A selection policy based on the Exponential-weight algorithm for Exploration and Exploitation (EXP3). This policy is designed for environments with adversarial contexts, balancing between exploring new instances and exploiting known rewards in a JailbreakDataset.

initial(): Initializes or resets the weights and probabilities for each instance in the dataset.

select() → Instance

Selects an instance from the dataset based on the EXP3 algorithm.

Return ~JailbreakDataset:: The selected instance from the dataset.

update(prompt_nodes: JailbreakDataset)

Updates the weights of the last chosen instance based on the success of the prompts.

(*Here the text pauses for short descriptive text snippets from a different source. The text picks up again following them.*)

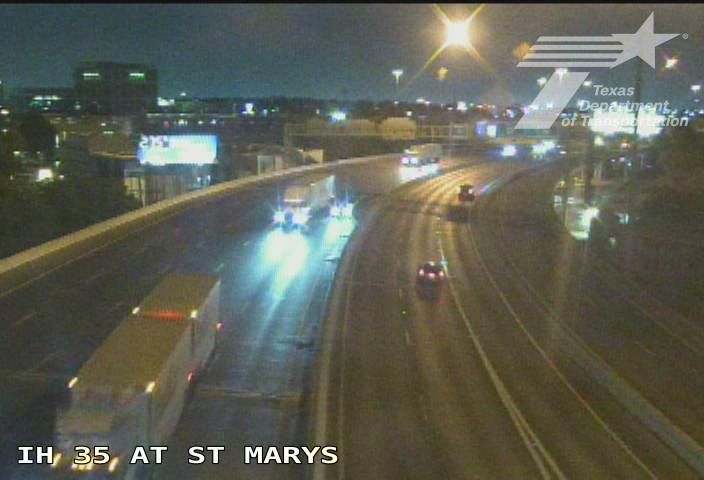 Traffic Cam Pearl › South: IH 35 at St. Mary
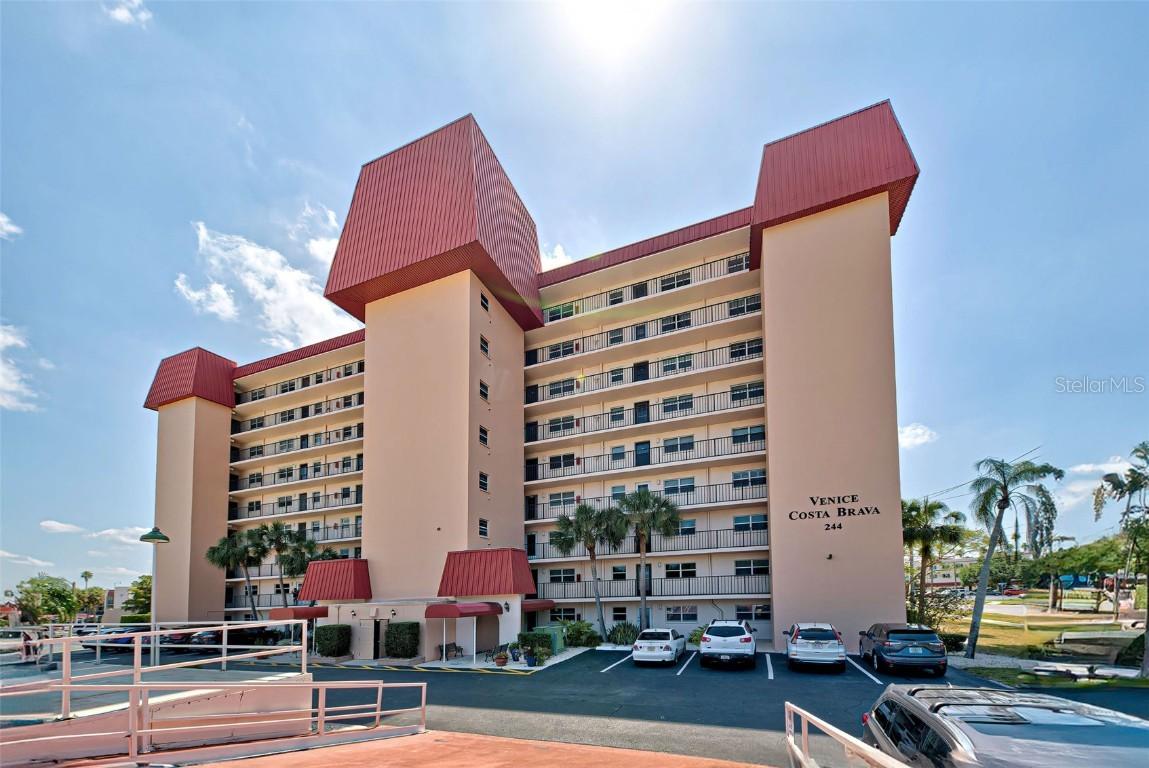 244 Saint Augustine Ave. #202, Venice, FL 34285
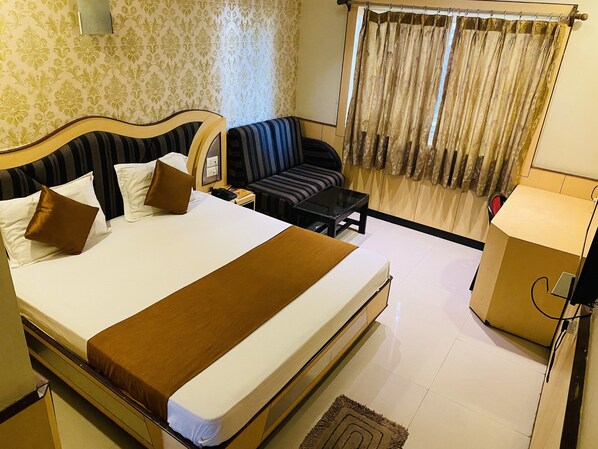 Standard Double Room | Free WiFi - Hotel Vishal Plaza (Puri)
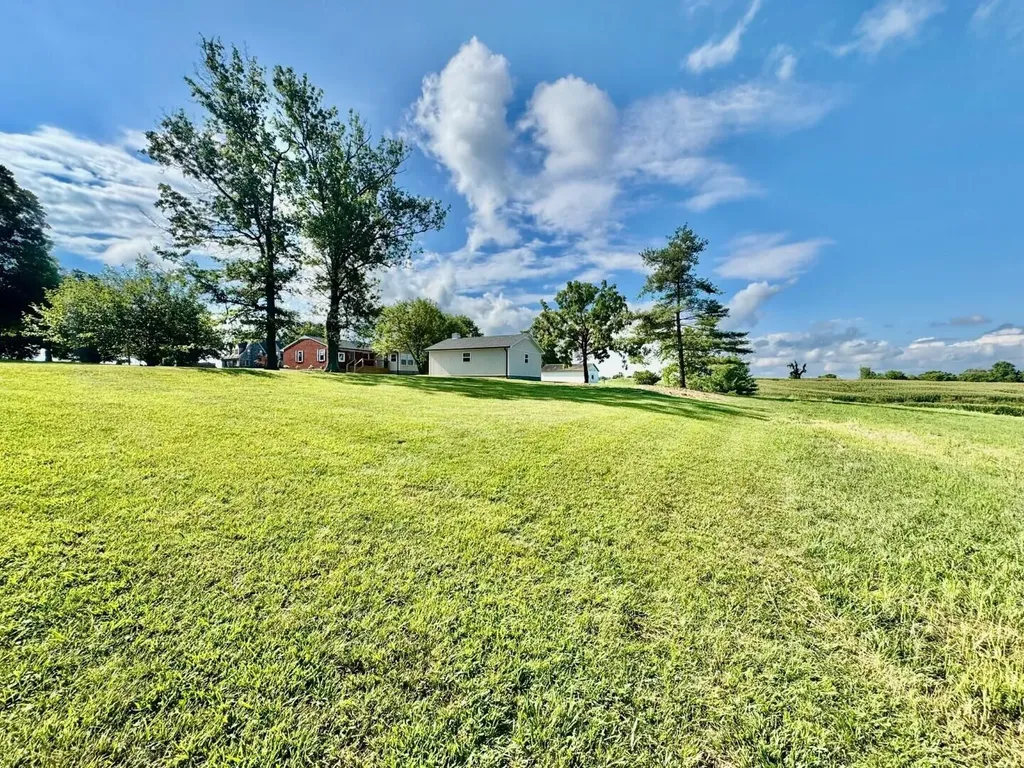 879 Lebanon Road Springfield KY 40069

Parameters:: prompt_nodes (~JailbreakDataset) – The dataset containing prompts used for updating weights.

ReferenceLossSelector

class easyjailbreak.selector.ReferenceLossSelector.ReferenceLossSelector(model: WhiteBoxModelBase, batch_size=None, is_universal=False)

This class implements a selection policy based on the reference loss. It selects instances from a set of parents based on the minimum loss calculated on their reference target, discarding others.

select(dataset) → JailbreakDataset

Selects instances from the dataset based on the calculated reference loss.

Parameters:: dataset (~JailbreakDataset) – The dataset from which instances are to be selected.
Return ~JailbreakDataset:: A new dataset containing selected instances with minimum reference loss.